Benefits Of Using A Massage Gun Post Workout:
Aside from the already established benefits of massage guns used for deep muscle massage, there are also a number of other benefits that are mentioned below:
- Allows for speedier healing and enhanced flexibility by rejuvenation of atrophied muscles.
- Blood and lymphatic circulation are improved, allowing more oxygen and nutrients to reach the muscles.
- Increases mobility by stimulating nerve receptors, which produce skin and muscle vasodilation.
- Reduces the likelihood of strains and sprains by making joints more flexible.
- Lactic acid buildup in the body is released, which is typically the result of strenuous activity.
- Overall health is improved.
- Releases tension and fluid deep in the muscles to enhance tissue metabolism, relieving stress and relaxing the body.
- It can be used to ease pain and restriction as it breaks up scar tissue by massaging collagen strands thoroughly.
- Using a gun on a regular basis can help with sleep, immunity, and anxiety.
When it comes to recovering following a workout or a race, the human body frequently requires assistance. Rest helps your body reenergize so you can give it your best in your next workout.

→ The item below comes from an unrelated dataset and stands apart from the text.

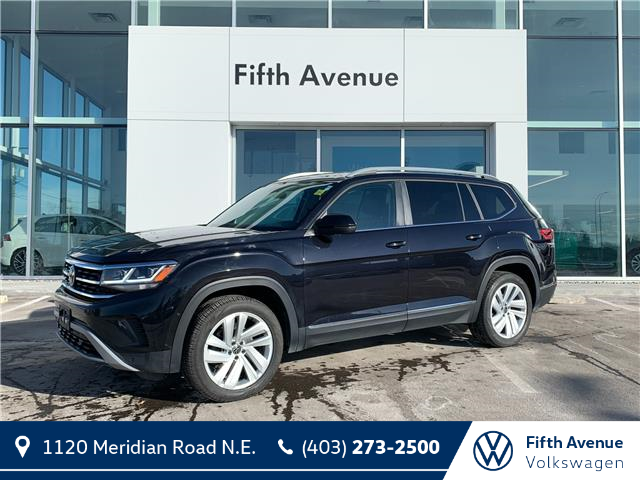 2021 Volkswagen Atlas 3.6 FSI Highline (Stk: 3896) in Calgary - Image 1 of 36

However, sometimes your body needs something a little more than just rest. Using a range of tactics to assist your muscles to mend is the greatest post-workout recovery strategy. This is where a massage gun shines the brightest.
All you need to do to ensure muscle stress recovery is to go to town on your sore muscles with a muscle gun and voila. Your muscles are not only pain-free but also more flexible with an improved circulation of both blood and lymphatic fluid.